=== Source data ===
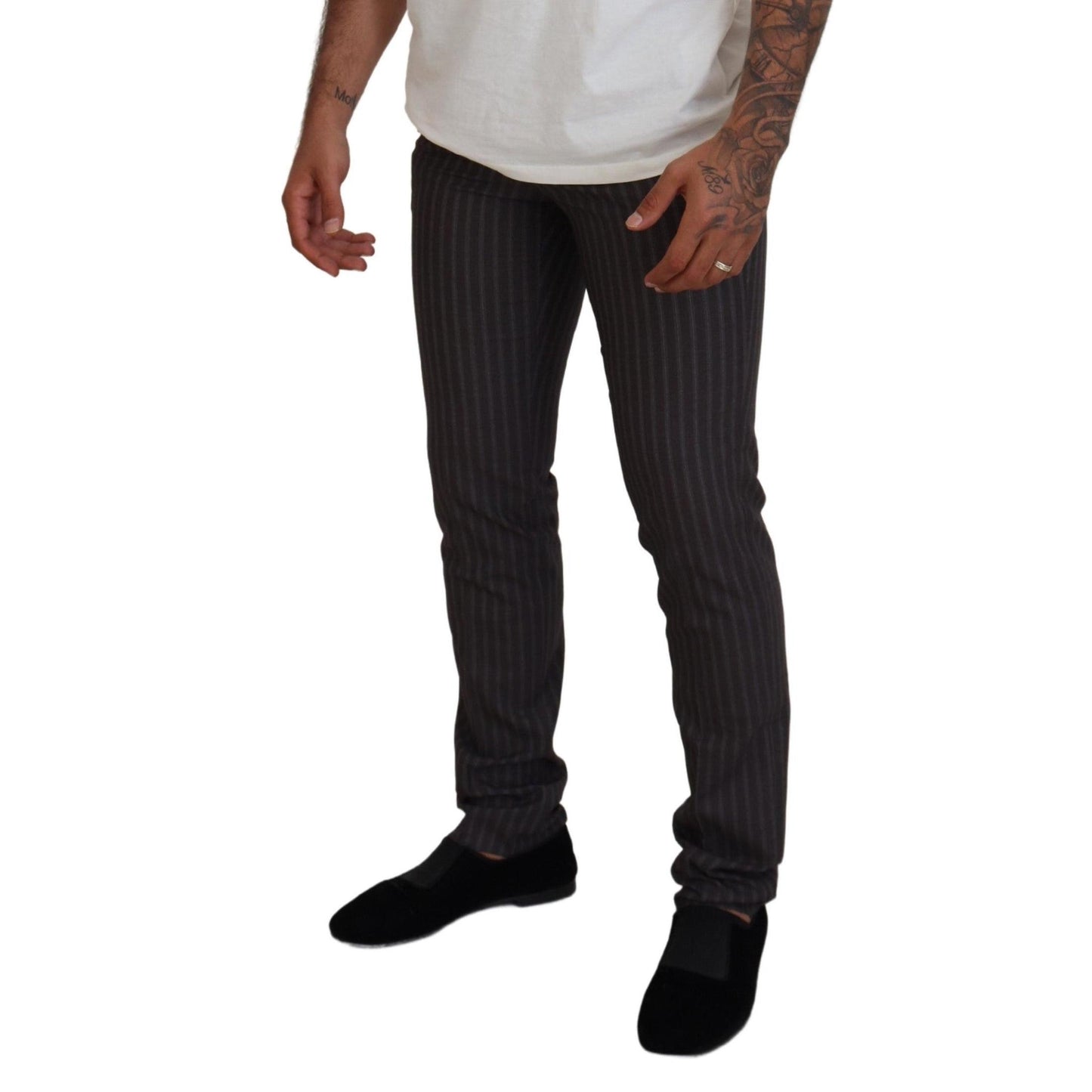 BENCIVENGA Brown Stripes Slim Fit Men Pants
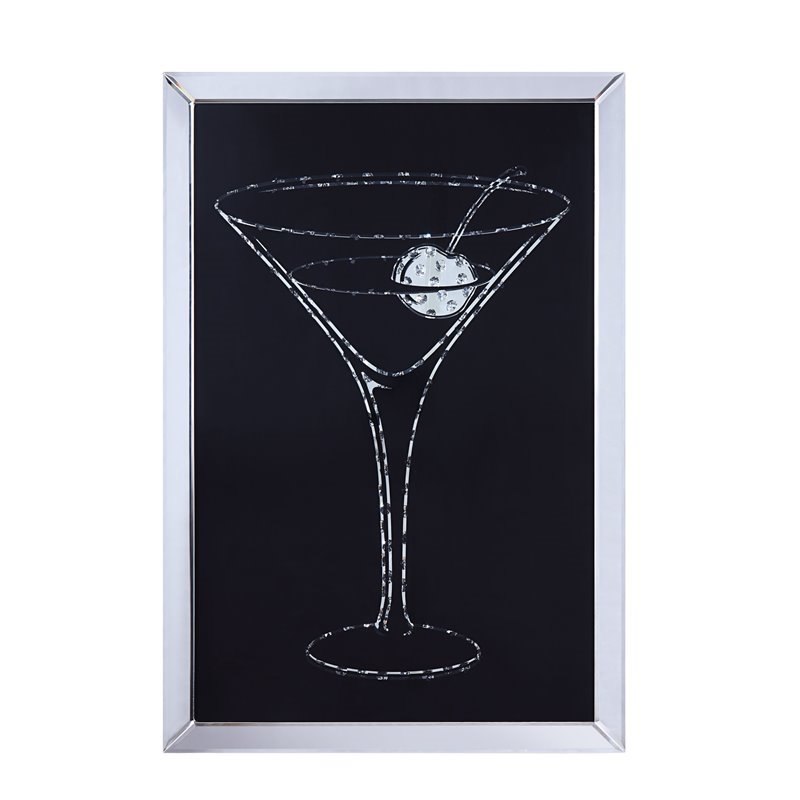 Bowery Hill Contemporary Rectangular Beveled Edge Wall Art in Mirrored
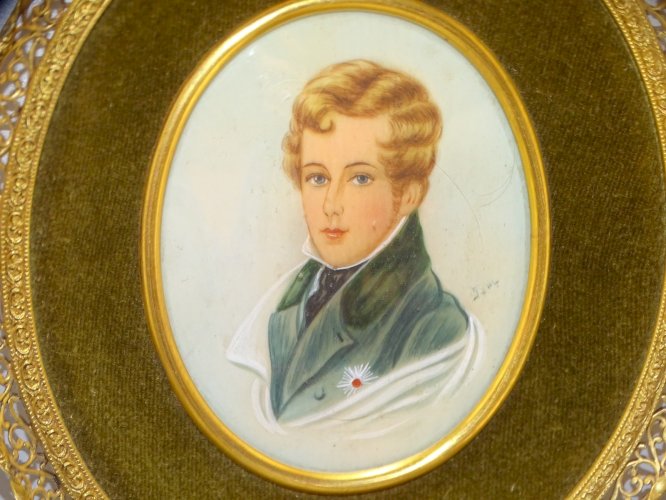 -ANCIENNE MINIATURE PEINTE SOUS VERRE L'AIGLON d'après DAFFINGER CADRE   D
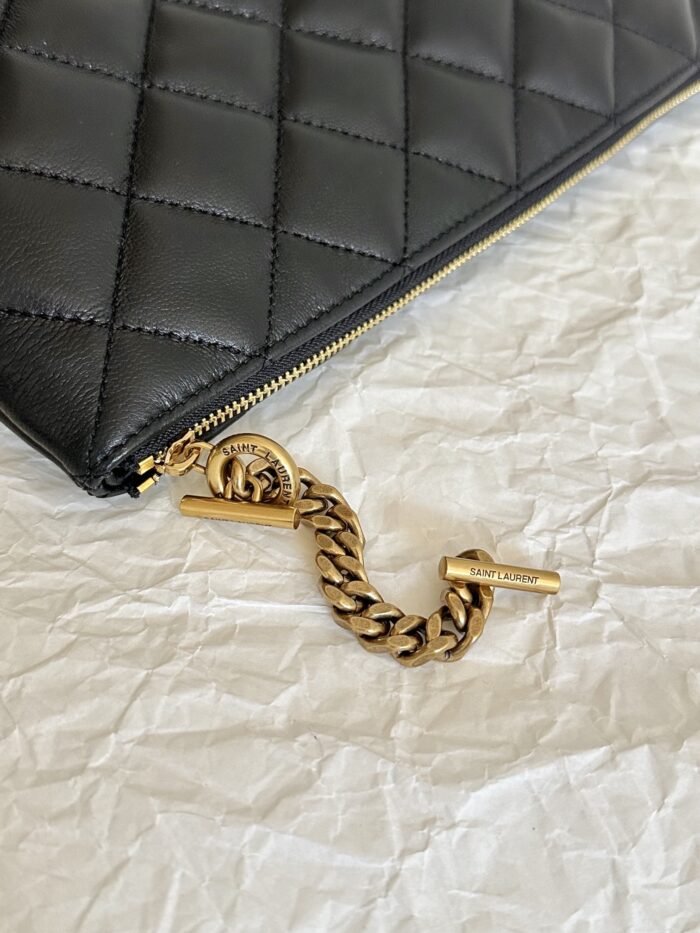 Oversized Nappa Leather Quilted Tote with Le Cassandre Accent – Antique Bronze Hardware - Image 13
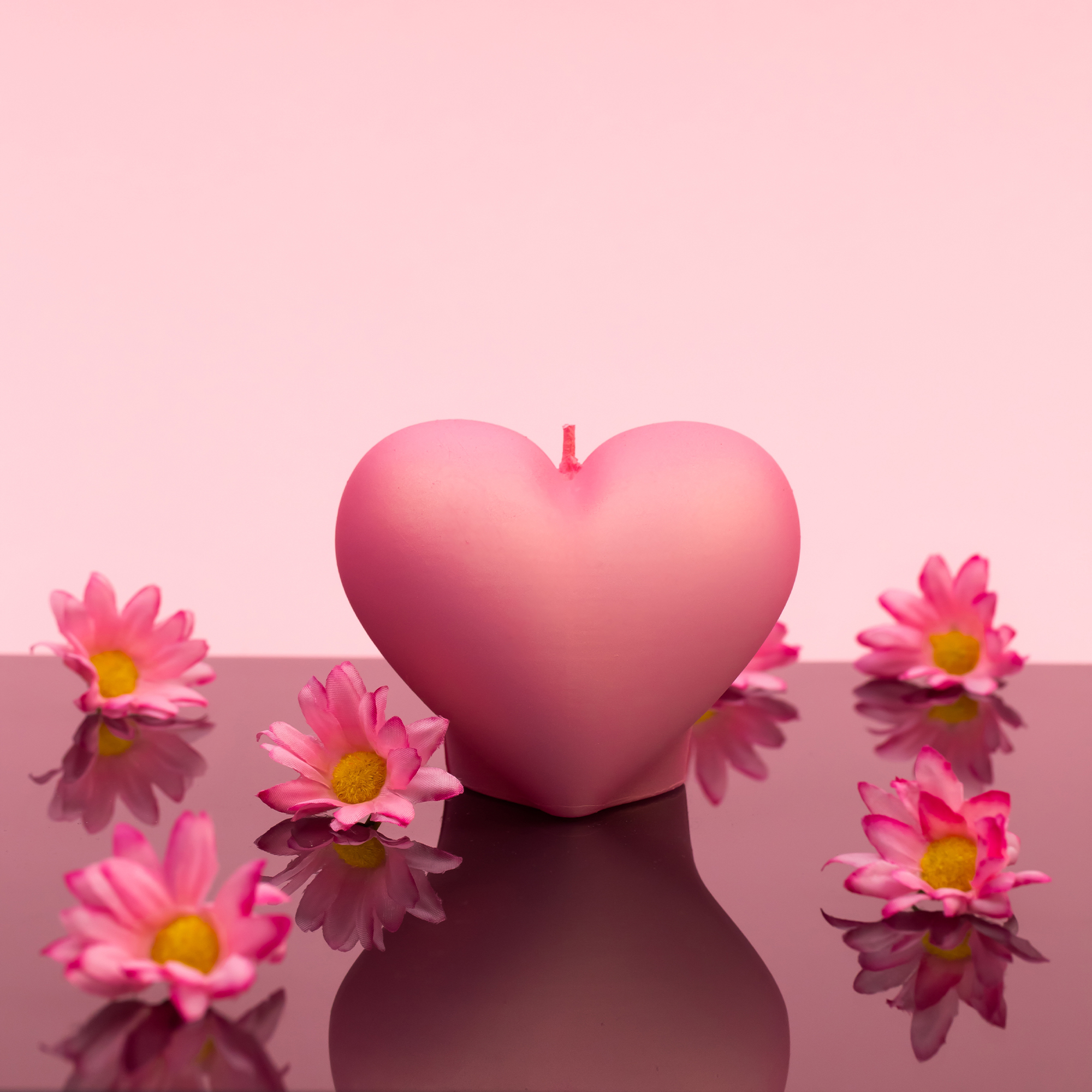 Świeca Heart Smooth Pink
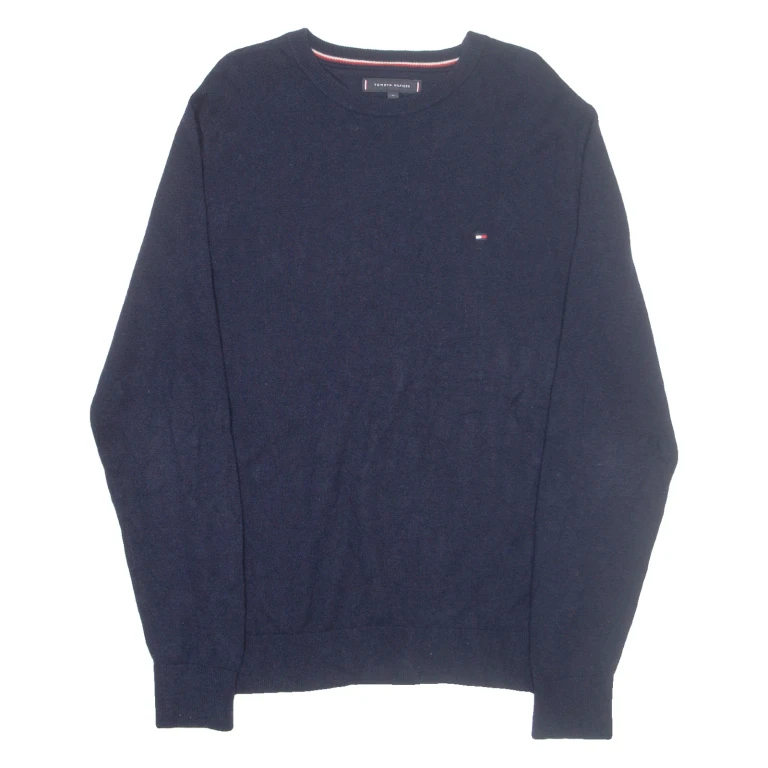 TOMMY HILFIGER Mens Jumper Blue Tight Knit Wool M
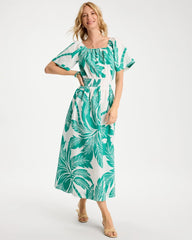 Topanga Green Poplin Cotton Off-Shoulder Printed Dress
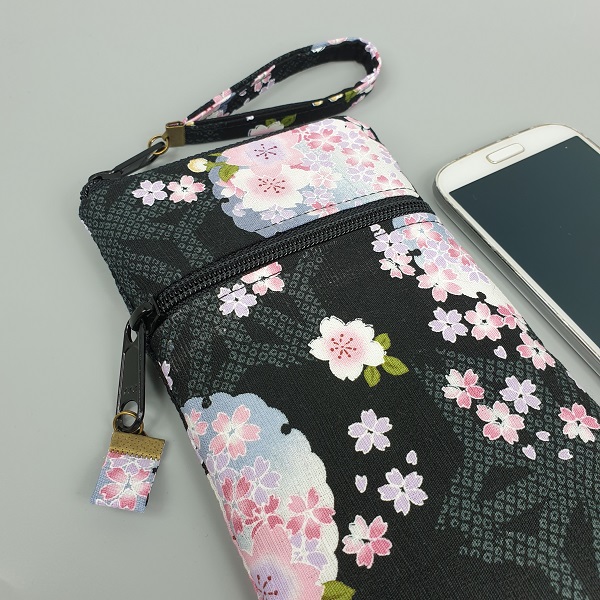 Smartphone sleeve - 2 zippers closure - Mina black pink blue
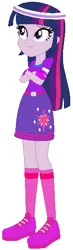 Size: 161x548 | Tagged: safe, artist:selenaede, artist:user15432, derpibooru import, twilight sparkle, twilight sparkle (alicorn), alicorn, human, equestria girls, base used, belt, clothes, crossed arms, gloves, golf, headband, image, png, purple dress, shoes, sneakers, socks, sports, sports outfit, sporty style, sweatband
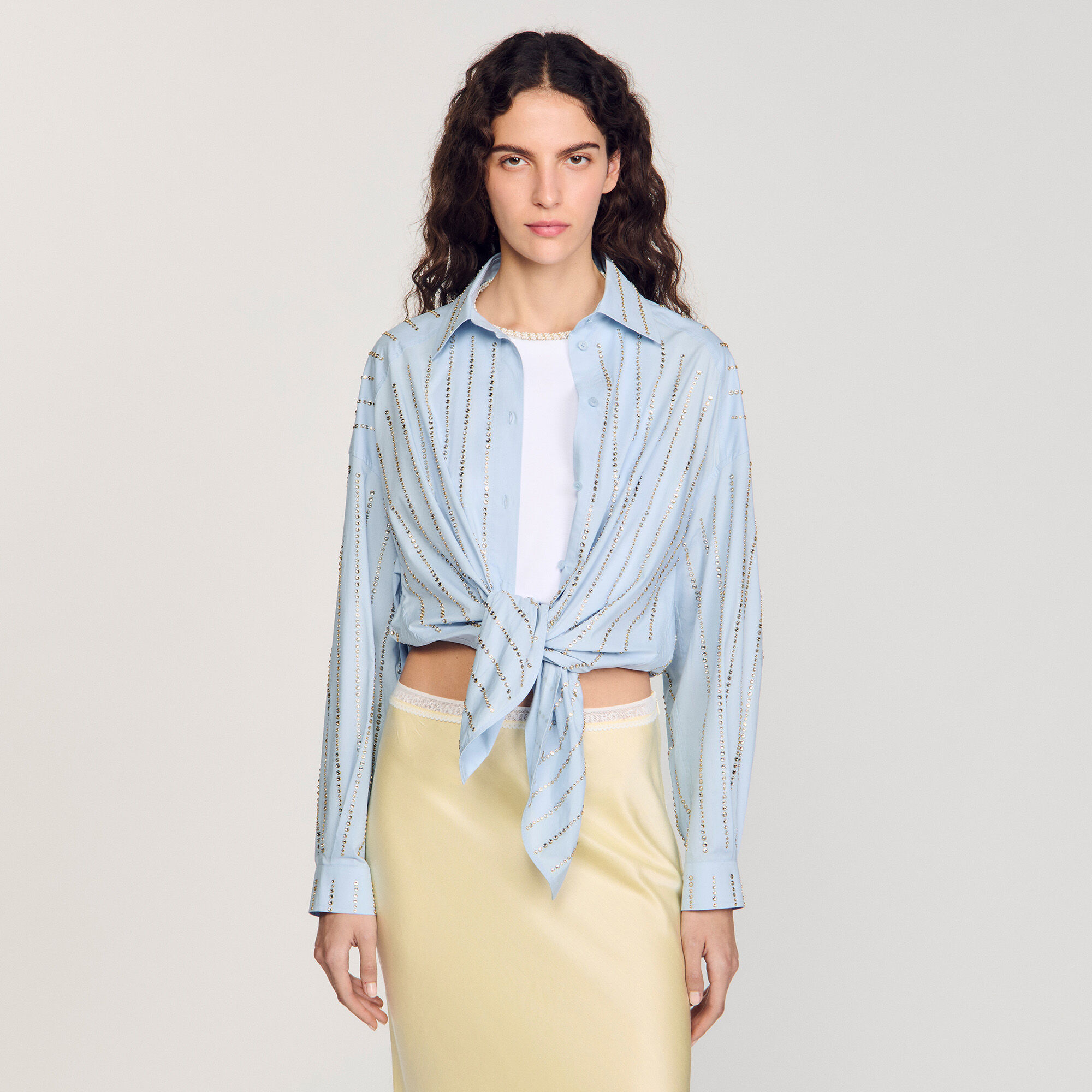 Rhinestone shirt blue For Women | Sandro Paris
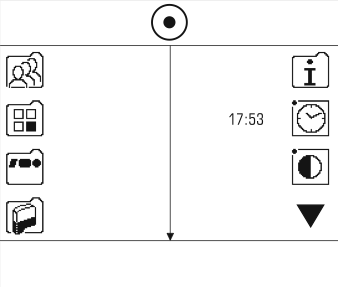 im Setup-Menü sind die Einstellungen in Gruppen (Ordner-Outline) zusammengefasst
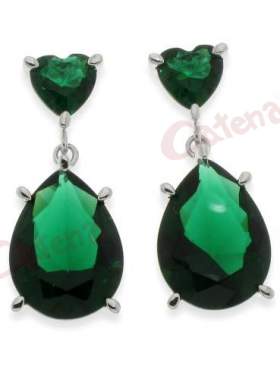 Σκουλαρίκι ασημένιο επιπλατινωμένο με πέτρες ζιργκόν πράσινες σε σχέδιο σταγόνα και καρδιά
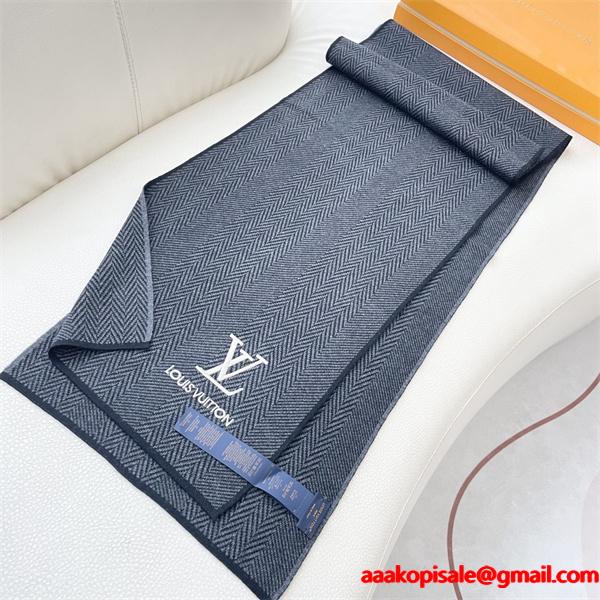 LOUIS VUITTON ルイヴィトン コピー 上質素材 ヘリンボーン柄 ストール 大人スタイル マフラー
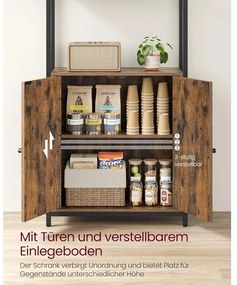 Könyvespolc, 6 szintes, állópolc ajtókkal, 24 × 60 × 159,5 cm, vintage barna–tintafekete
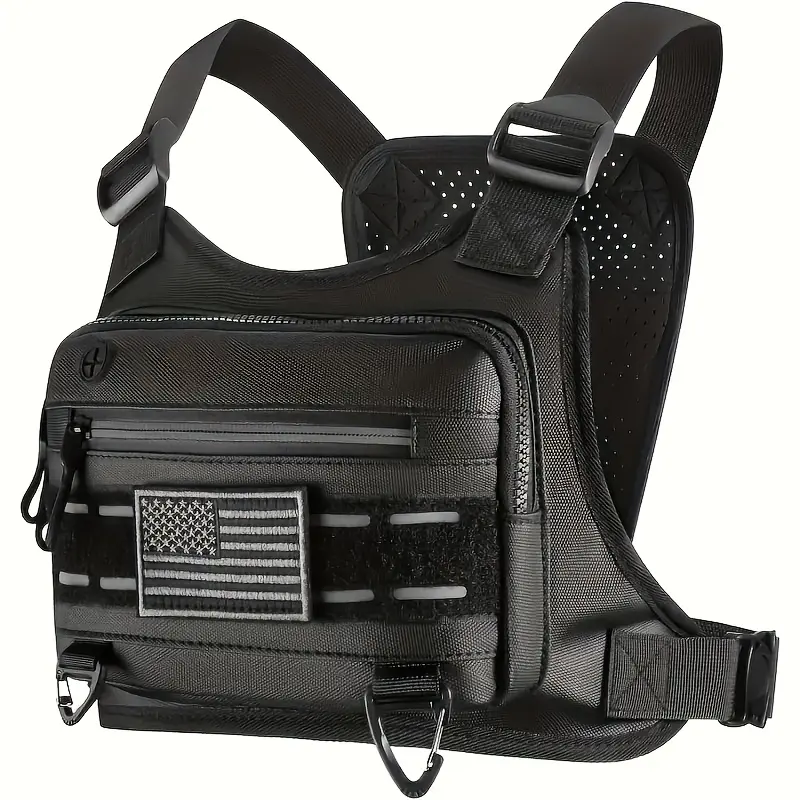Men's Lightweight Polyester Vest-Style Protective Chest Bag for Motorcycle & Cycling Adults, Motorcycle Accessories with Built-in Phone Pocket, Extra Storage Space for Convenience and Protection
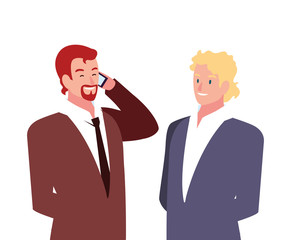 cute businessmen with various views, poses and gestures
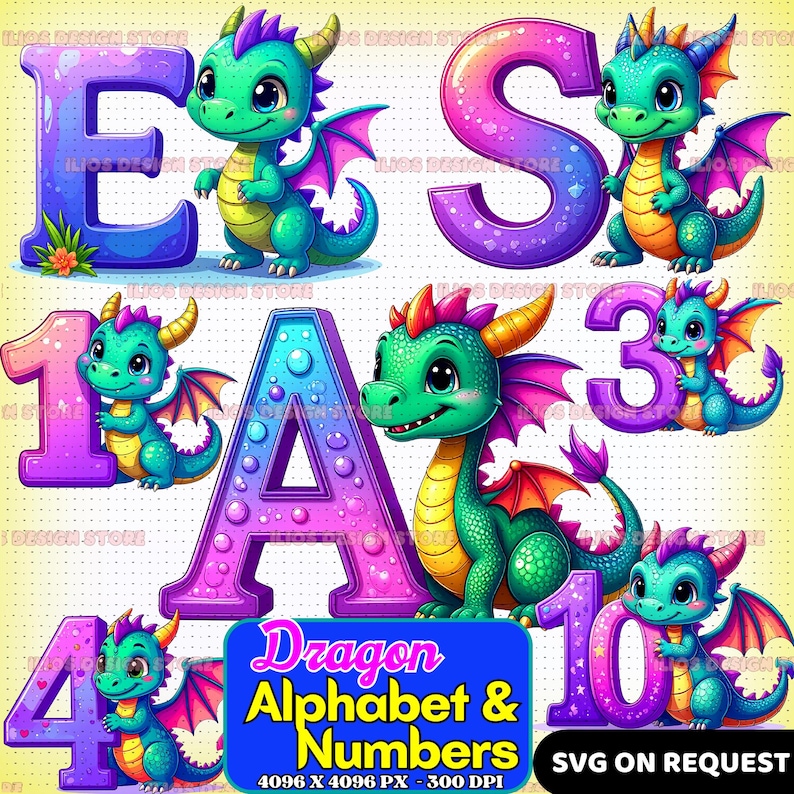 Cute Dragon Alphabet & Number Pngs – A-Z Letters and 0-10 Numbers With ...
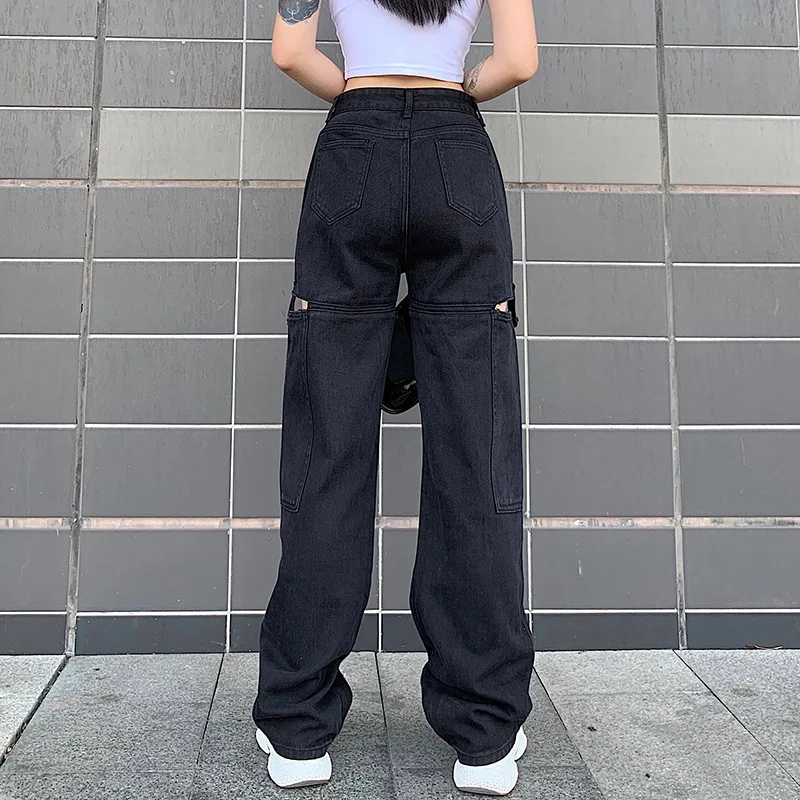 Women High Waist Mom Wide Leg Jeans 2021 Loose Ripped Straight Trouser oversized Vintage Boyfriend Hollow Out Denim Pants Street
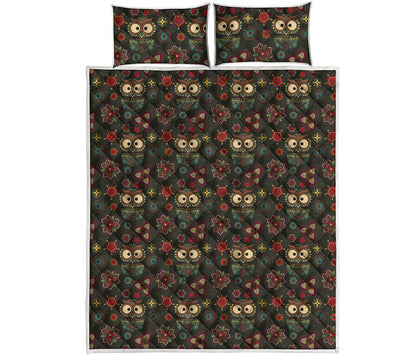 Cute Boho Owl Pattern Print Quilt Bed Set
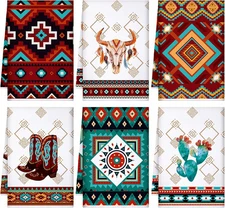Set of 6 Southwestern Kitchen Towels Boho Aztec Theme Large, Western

=== Your instructions ===
Down to the last line, return the entries above exactly, with no pictures.

=== Result of this exercise ===
 BENCIVENGA Brown Stripes Slim Fit Men Pants
 Bowery Hill Contemporary Rectangular Beveled Edge Wall Art in Mirrored
 -ANCIENNE MINIATURE PEINTE SOUS VERRE L'AIGLON d'après DAFFINGER CADRE   D
 Oversized Nappa Leather Quilted Tote with Le Cassandre Accent – Antique Bronze Hardware - Image 13
 Świeca Heart Smooth Pink
 TOMMY HILFIGER Mens Jumper Blue Tight Knit Wool M
 Topanga Green Poplin Cotton Off-Shoulder Printed Dress
 Smartphone sleeve - 2 zippers closure - Mina black pink blue
 Size: 161x548 | Tagged: safe, artist:selenaede, artist:user15432, derpibooru import, twilight sparkle, twilight sparkle (alicorn), alicorn, human, equestria girls, base used, belt, clothes, crossed arms, gloves, golf, headband, image, png, purple dress, shoes, sneakers, socks, sports, sports outfit, sporty style, sweatband
 Rhinestone shirt blue For Women | Sandro Paris
 im Setup-Menü sind die Einstellungen in Gruppen (Ordner-Outline) zusammengefasst
 Σκουλαρίκι ασημένιο επιπλατινωμένο με πέτρες ζιργκόν πράσινες σε σχέδιο σταγόνα και καρδιά
 LOUIS VUITTON ルイヴィトン コピー 上質素材 ヘリンボーン柄 ストール 大人スタイル マフラー
 Könyvespolc, 6 szintes, állópolc ajtókkal, 24 × 60 × 159,5 cm, vintage barna–tintafekete
Men's Lightweight Polyester Vest-Style Protective Chest Bag for Motorcycle & Cycling Adults, Motorcycle Accessories with Built-in Phone Pocket, Extra Storage Space for Convenience and Protection
 cute businessmen with various views, poses and gestures
 Cute Dragon Alphabet & Number Pngs – A-Z Letters and 0-10 Numbers With ...
 Women High Waist Mom Wide Leg Jeans 2021 Loose Ripped Straight Trouser oversized Vintage Boyfriend Hollow Out Denim Pants Street
 Cute Boho Owl Pattern Print Quilt Bed Set
Set of 6 Southwestern Kitchen Towels Boho Aztec Theme Large, Western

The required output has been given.